** Requirement **
Restate the entries below word for word, leaving nothing out.

[Stored items]
▼

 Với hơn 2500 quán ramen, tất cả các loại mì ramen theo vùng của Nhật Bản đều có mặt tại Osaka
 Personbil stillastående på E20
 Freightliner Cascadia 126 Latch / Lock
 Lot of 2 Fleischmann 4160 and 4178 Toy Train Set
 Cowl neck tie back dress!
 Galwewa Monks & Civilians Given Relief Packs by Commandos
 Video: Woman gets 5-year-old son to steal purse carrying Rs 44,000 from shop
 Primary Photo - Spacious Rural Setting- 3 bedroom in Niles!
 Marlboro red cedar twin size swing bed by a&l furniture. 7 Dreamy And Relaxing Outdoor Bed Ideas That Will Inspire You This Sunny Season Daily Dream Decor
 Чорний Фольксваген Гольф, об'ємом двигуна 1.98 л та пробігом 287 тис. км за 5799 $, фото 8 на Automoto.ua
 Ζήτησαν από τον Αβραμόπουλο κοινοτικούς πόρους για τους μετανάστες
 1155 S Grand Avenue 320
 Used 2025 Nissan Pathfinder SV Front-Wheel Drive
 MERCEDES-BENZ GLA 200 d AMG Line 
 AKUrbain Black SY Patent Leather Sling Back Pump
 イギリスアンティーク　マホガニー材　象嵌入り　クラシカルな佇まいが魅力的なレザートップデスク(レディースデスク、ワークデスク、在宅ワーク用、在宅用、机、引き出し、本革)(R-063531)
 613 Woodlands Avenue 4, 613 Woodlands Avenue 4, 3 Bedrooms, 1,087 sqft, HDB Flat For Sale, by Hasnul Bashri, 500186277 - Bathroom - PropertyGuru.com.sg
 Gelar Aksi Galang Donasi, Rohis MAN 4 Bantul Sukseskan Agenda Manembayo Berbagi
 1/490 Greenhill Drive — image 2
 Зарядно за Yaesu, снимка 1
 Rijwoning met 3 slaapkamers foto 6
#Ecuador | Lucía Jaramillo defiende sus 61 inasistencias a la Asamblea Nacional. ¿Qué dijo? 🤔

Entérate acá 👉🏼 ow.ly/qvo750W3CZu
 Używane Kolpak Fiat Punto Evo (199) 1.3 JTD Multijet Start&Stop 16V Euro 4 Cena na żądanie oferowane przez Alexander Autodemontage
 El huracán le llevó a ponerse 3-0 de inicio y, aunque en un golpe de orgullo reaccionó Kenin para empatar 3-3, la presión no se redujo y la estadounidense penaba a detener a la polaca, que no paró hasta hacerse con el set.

▲

** Response to this exercise **
 Với hơn 2500 quán ramen, tất cả các loại mì ramen theo vùng của Nhật Bản đều có mặt tại Osaka
 Personbil stillastående på E20
 Freightliner Cascadia 126 Latch / Lock
 Lot of 2 Fleischmann 4160 and 4178 Toy Train Set
 Cowl neck tie back dress!
 Galwewa Monks & Civilians Given Relief Packs by Commandos
 Video: Woman gets 5-year-old son to steal purse carrying Rs 44,000 from shop
 Primary Photo - Spacious Rural Setting- 3 bedroom in Niles!
 Marlboro red cedar twin size swing bed by a&l furniture. 7 Dreamy And Relaxing Outdoor Bed Ideas That Will Inspire You This Sunny Season Daily Dream Decor
 Чорний Фольксваген Гольф, об'ємом двигуна 1.98 л та пробігом 287 тис. км за 5799 $, фото 8 на Automoto.ua
 Ζήτησαν από τον Αβραμόπουλο κοινοτικούς πόρους για τους μετανάστες
 1155 S Grand Avenue 320
 Used 2025 Nissan Pathfinder SV Front-Wheel Drive
 MERCEDES-BENZ GLA 200 d AMG Line 
 AKUrbain Black SY Patent Leather Sling Back Pump
 イギリスアンティーク　マホガニー材　象嵌入り　クラシカルな佇まいが魅力的なレザートップデスク(レディースデスク、ワークデスク、在宅ワーク用、在宅用、机、引き出し、本革)(R-063531)
 613 Woodlands Avenue 4, 613 Woodlands Avenue 4, 3 Bedrooms, 1,087 sqft, HDB Flat For Sale, by Hasnul Bashri, 500186277 - Bathroom - PropertyGuru.com.sg
 Gelar Aksi Galang Donasi, Rohis MAN 4 Bantul Sukseskan Agenda Manembayo Berbagi
 1/490 Greenhill Drive — image 2
 Зарядно за Yaesu, снимка 1
 Rijwoning met 3 slaapkamers foto 6
#Ecuador | Lucía Jaramillo defiende sus 61 inasistencias a la Asamblea Nacional. ¿Qué dijo? 🤔

Entérate acá 👉🏼 ow.ly/qvo750W3CZu
 Używane Kolpak Fiat Punto Evo (199) 1.3 JTD Multijet Start&Stop 16V Euro 4 Cena na żądanie oferowane przez Alexander Autodemontage
 El huracán le llevó a ponerse 3-0 de inicio y, aunque en un golpe de orgullo reaccionó Kenin para empatar 3-3, la presión no se redujo y la estadounidense penaba a detener a la polaca, que no paró hasta hacerse con el set.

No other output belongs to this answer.